絵は「森を描く、人物を描く」といった作業にそれぞれ専門家を充て、「完全な分業を実現したい」という西野の思いから始まった。分業を担当する作家は約35人という。
ストーリーは西野さんが作ったとしても、絵を描くのには大量の作家が動員されている。だからこそ、大量の専門家によって綿密で幻想的で、人を圧倒する絵が描けたのであろう。
私の率直な感想は、これは従来の、私達が親しんだ伝統的絵本ではないなあということである。絵本というより、幻想的なCG(コンピュータ・グラフィクス)に似ている。スライドやフィルムでスクリーンに映写するにふさわしい映像原画風の集合体である。
フィルムなどの透明原画を通して見る、奥行き・広がりを感じさせる映像媒体である。
主人公をフォーカスしている(中心である)というより、全体映像の中の一つの素材として、主人公も配置されていているという感じだ。
私はボランチアとして、子供達に絵本の読み聞かせをしているが、西野プペルは、小さい子供達には難しいだろう。子供達はどこに焦点を合わせていいか戸惑うだろう。

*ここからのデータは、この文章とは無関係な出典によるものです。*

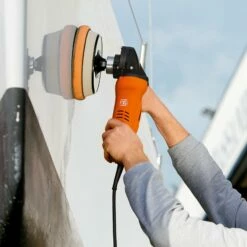 Fein Polierer Boot WPO 14-15 E Marine-Polierset - 72214860000 -elektrische Bohrmaschine Geschäft fein 72214860000 anwendungsbild 2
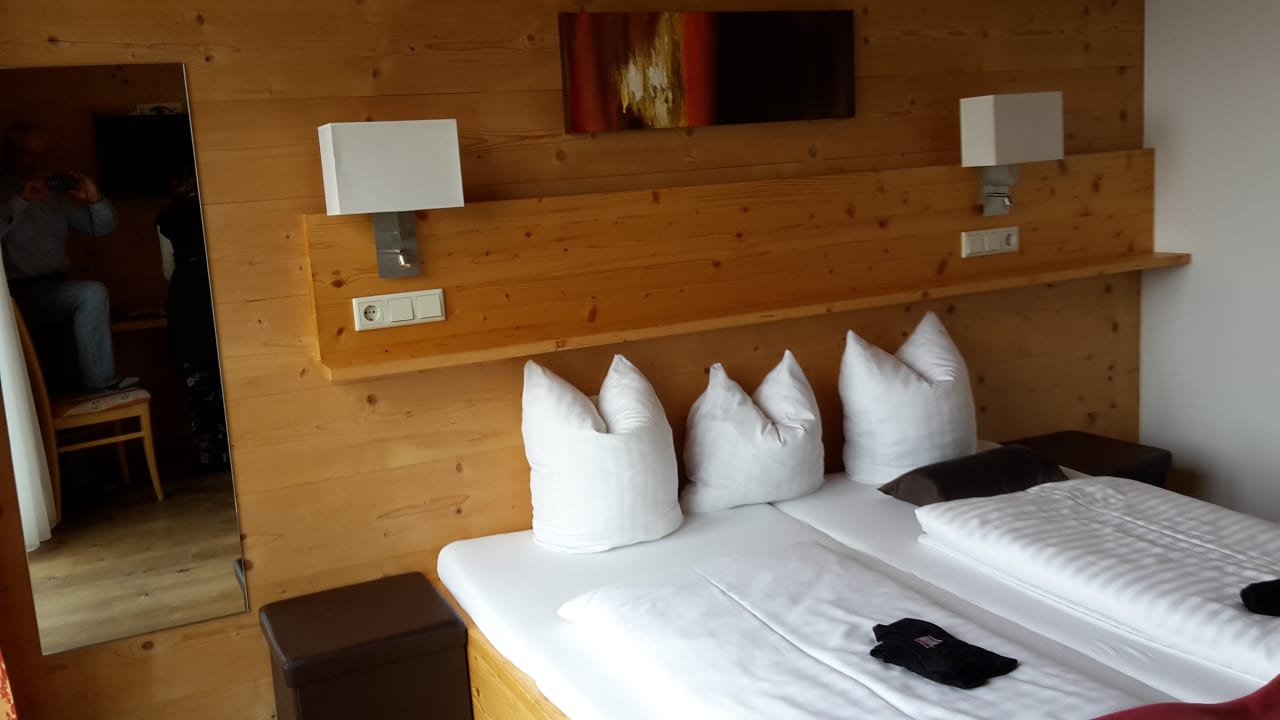 Zimmer Hotel Zistelberghof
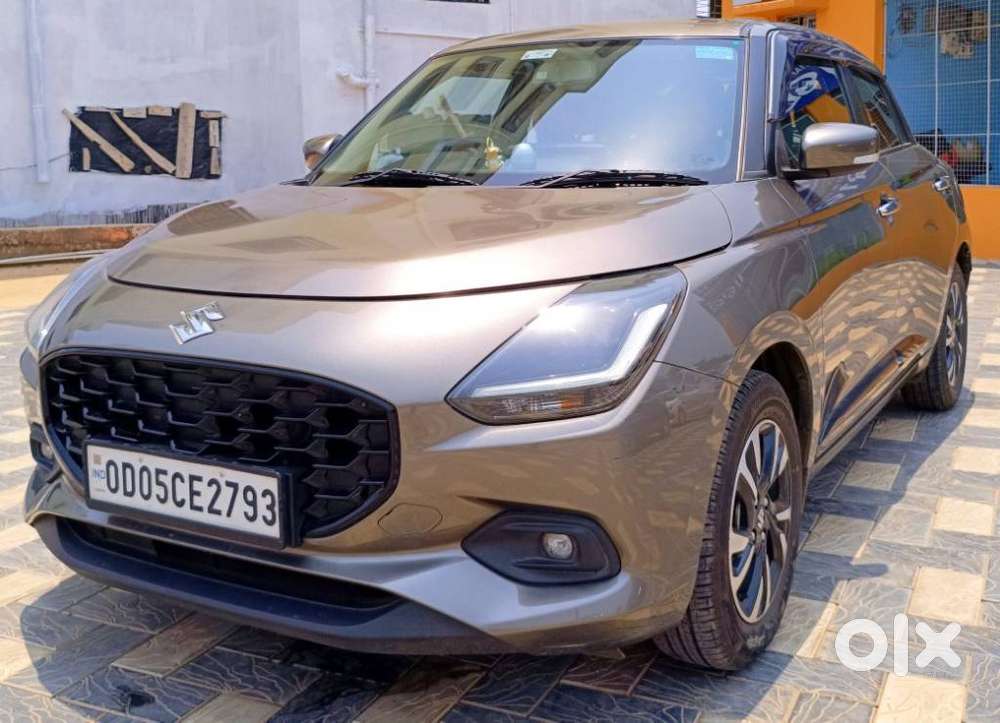 Maruti Suzuki Swift 2018 Zxi Plus, 2025, Petrol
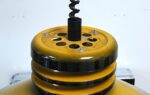 Vintage Space Age style height-adjustable Aris ceiling lamp - Image 4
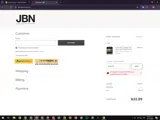 Xmas20 coupon verification screenshot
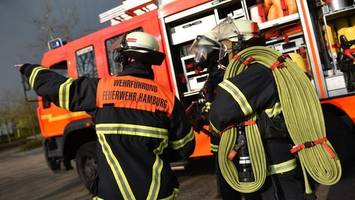 Feueralarm – Hochhaus-Wohnung am Gropiusring brennt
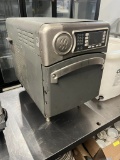 Turbo Chef Toaster Oven Model NGO 220 V. 1 Ph.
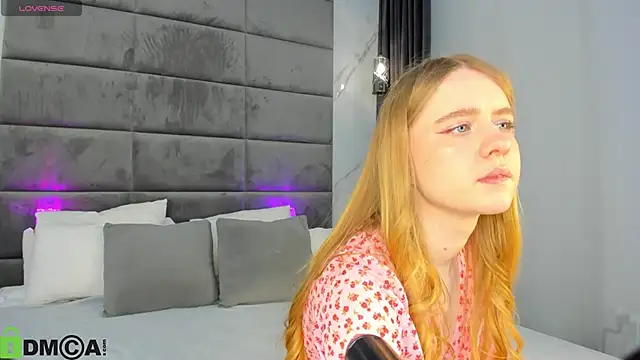 Victori Fox online show from January 18, 1:35 am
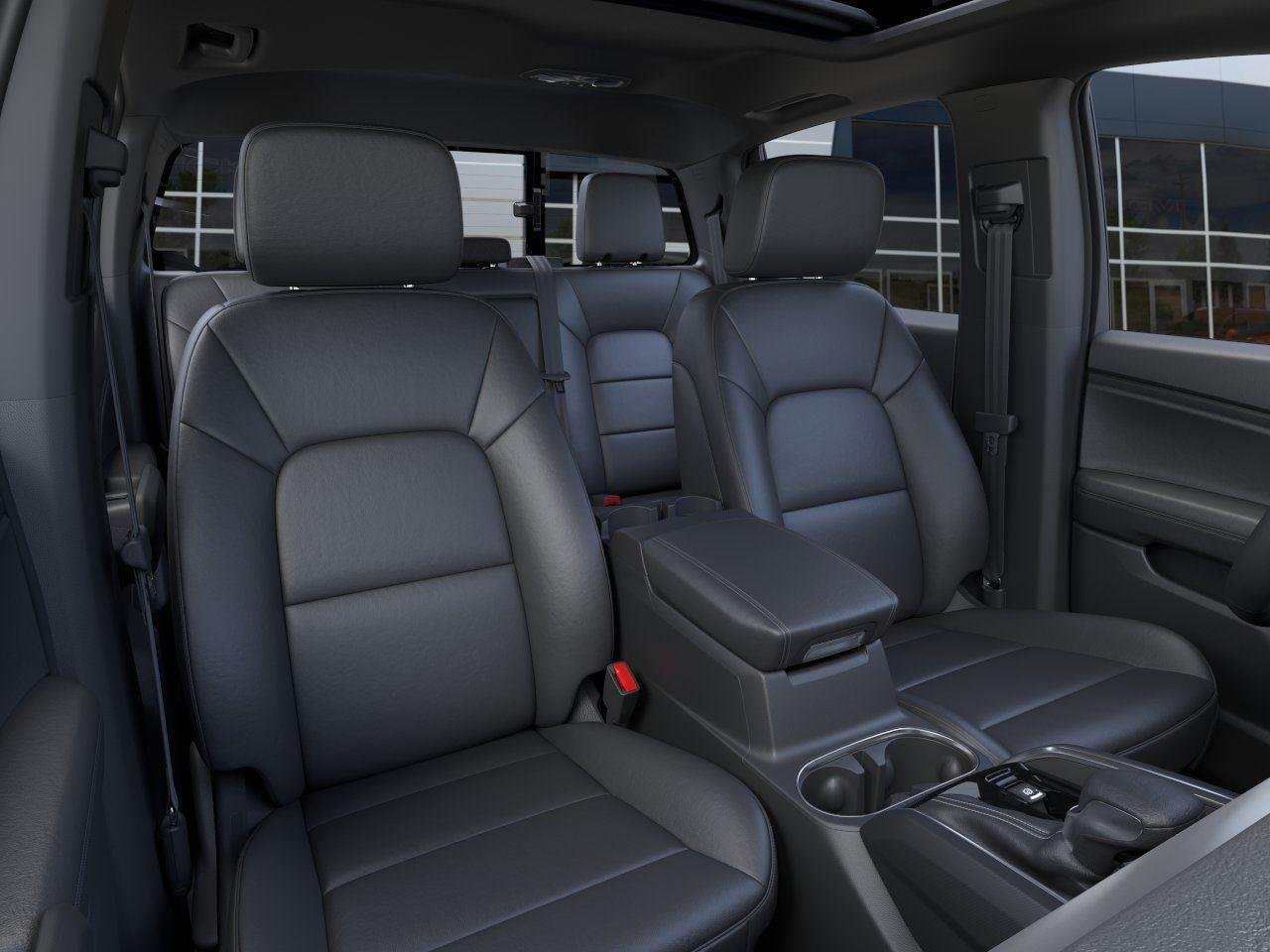 New 2026 Sterling Metallic GMC Elevation image 16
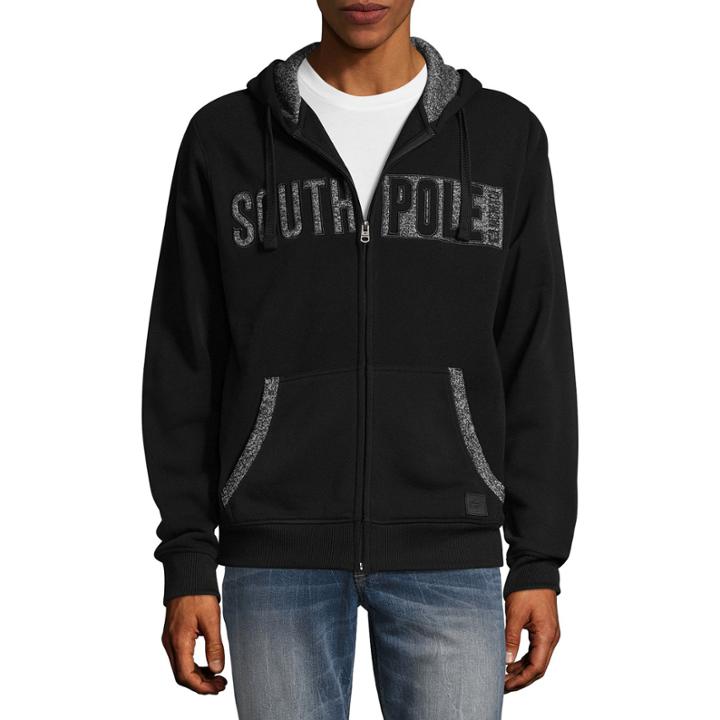 South Pole Midweight Fleece Jacket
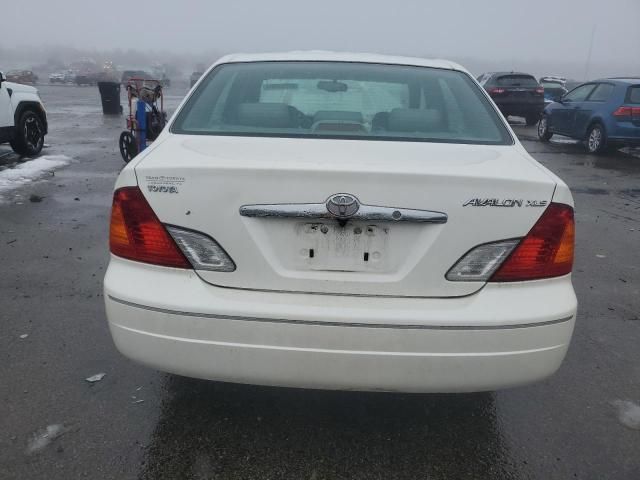 2002 Toyota Avalon XL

絵本ではなくプロジェクターなどで映し出す必要があろう。
『えんとつ町のプペル』はすぐに映画化されたようだが、映画の中でこそ生かされる絵本と言えよう。
大人にとっては、癒しや喜び、興味を感じる紙媒体として、自分の心を暖めてくれる幻想的な本として、密かに持っていたいという感じの絵本である。